Logística, agronegócio e transporte incrementam locação de caminhões

Transporte rodoviário de cargas

Locação de caminhões acabou incrementada pela logística, agronegócio e transporte em meio à crise de coronavírus. A confirmação vem de empresário do setor e a matéria completa está no jornal Estado de São Paulo.

De acordo com a matéria, a Ouro Verde, de Curitiba (PR) está com 94% de sua frota ocupada. A empresa possui uma frota de 5 mil caminhões e 3 mil equipamentos (carrocerias, máquinas agrícolas e para construção.

Ainda de acordo com o texto, neste ano, a empresa já registrou crescimento de 30% nos negócios em relação ao ano passado. Dessa forma, impulsionado pelo setor do agronegócio, rodoviário, elétrico e de saneamento, segundo o diretor comercial Manuel Silva.

“Neste período de pandemia, e com o consequente impacto negativo no caixa, a desmobilização dos ativos e o aluguel são demandas recorrentes para melhorar a situação das empresas”, afirmou Silva ao Estadão.

Aluguel a antigos donos

A Ouro Verde também opera com a chamada “Sale Lease Back”, modalidade de compra de frotas usadas para ser alugada aos antigos donos. “A empresa tem planos ambiciosos de ampliação da frota ainda neste ano, aproveitando a demanda e as boas oportunidades no mercado, bem como sua capacidade de investimento”, diz o executivo.

A procura pela locação de caminhões começou a ganhar força nos últimos dois anos e teve empurrão extra na pandemia. “A crise atual acelerou a demanda por locação de caminhões, já que as empresas se viram obrigadas a estudar soluções para o curto prazo que pudessem reduzir custos e reforçar o caixa, sem afetar suas operações”, afirma Renato Vaz, diretor da Marbor Frotas Corporativas, de Mogi das Cruzes (SP), que tem 100 veículos alugados.

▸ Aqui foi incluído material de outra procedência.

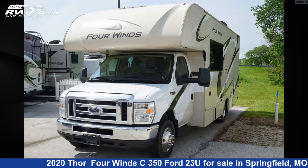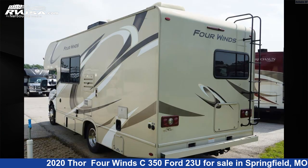This used Thor is 24 feet 10 inches in length and features two slide-outs, sleeps five, awning, and 40 gallons freshwater capacity.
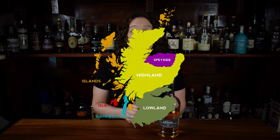Profiles vary from island to island, but generally you can find citrus, peaches and apricots, salt, ginger, black pepper, heather, and sometimes they're lightly peated.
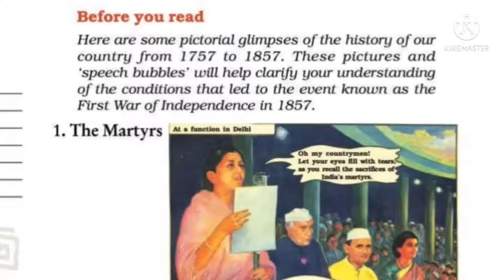At a function in Delhi: 'Oh my countrymen, let your eyes fill with tears as you recall the sacrifices of India's martyrs.' Here you can see there is a very well-known singer — Lata Mangeshkar — and here is a function, an event, where all leaders are gathered and there is a song being sung.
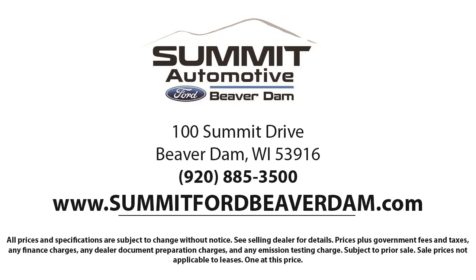Our friendly and knowledgeable staff is here to ensure you get exactly what you want in your new vehicle. Here at Summit Ford, we always strive to deliver a first-class car shopping experience, and we'll show you how much you mean to us as our valued customer.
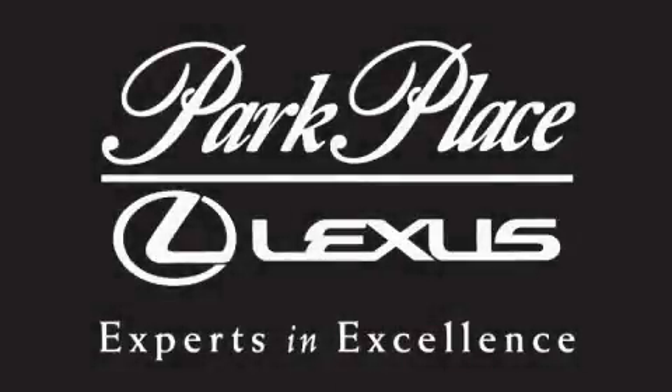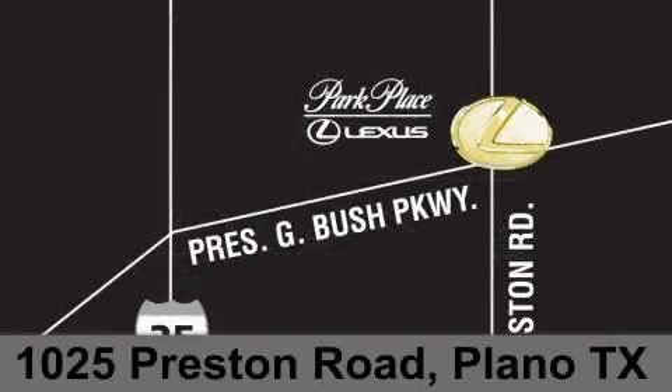Thank you for considering Park Place Lexus Plano for your next luxury vehicle. If you have any questions, please visit our website, give us a call, or stop by our dealership on Preston Road between George Bush Turnpike and Plano Parkway.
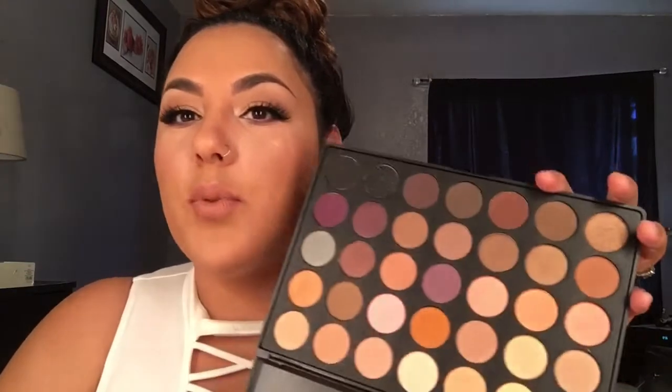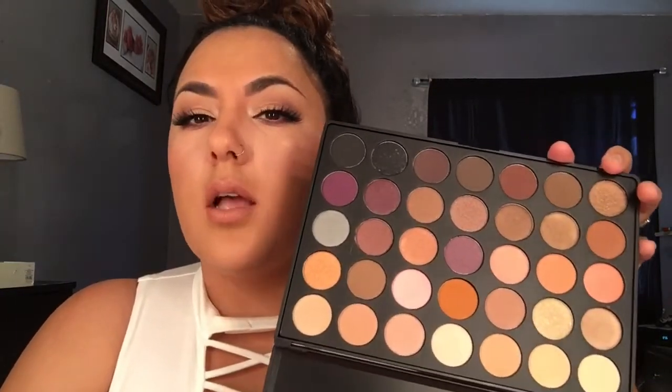I also picked up at the store the 35W, which is the warm palette. I thought I grabbed the neutral but I guess I grabbed the W — but this palette looks amazing. It looks like something I'm gonna get a ton of use out of, just because it's right up my alley. Look how beautiful this palette is — the colors are so pigmented. The black, a bronzy gold color, and brown shades are so beautiful.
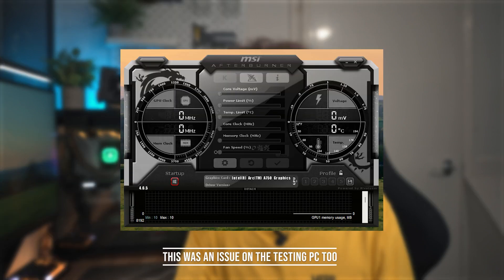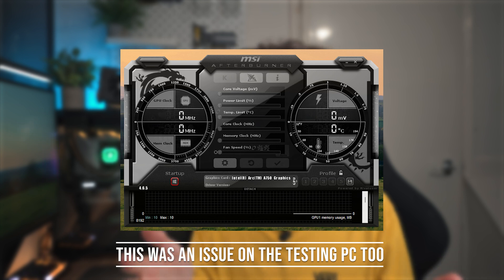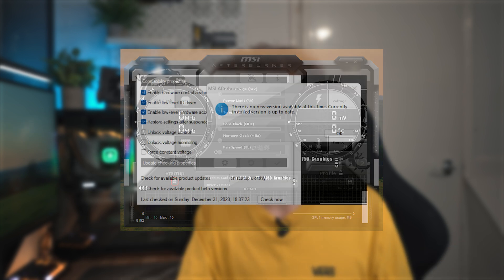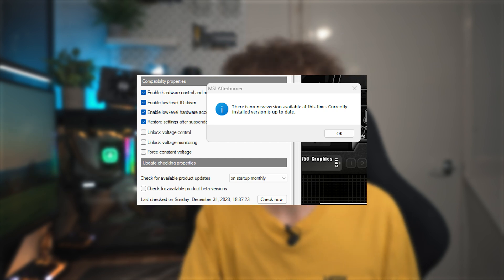I don't know if this is Intel Arc or MSI Afterburner, but for some reason my Arc A750 doesn't hook into MSI Afterburner. This is kind of annoying as it's the program I use to overclock and undervolt my graphics card, and I use it alongside RivaTuner to monitor GPU performance. This isn't too much of a problem because I can just use HWMonitor instead, so it's a fairly minor issue.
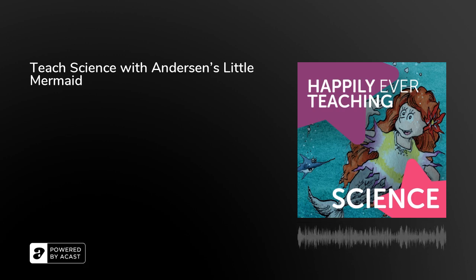The warmest of greetings to you and welcome to Happily Ever Teaching. This is the podcast to help you enthrall your learners in every subject under the sun using the best teaching method known to science, storytelling.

Com 13,5 mil unidades para locação, o Grupo Vamos, da JSL, foi responsável nos últimos 12 meses por 4% das vendas de caminhões das montadoras, informa Gustavo Couto, presidente da locadora, a maior do Brasil no segmento. Criada no fim de 2015 em São Paulo, a empresa registrou crescimento de 30% ao ano, ritmo mantido mesmo no período de pandemia.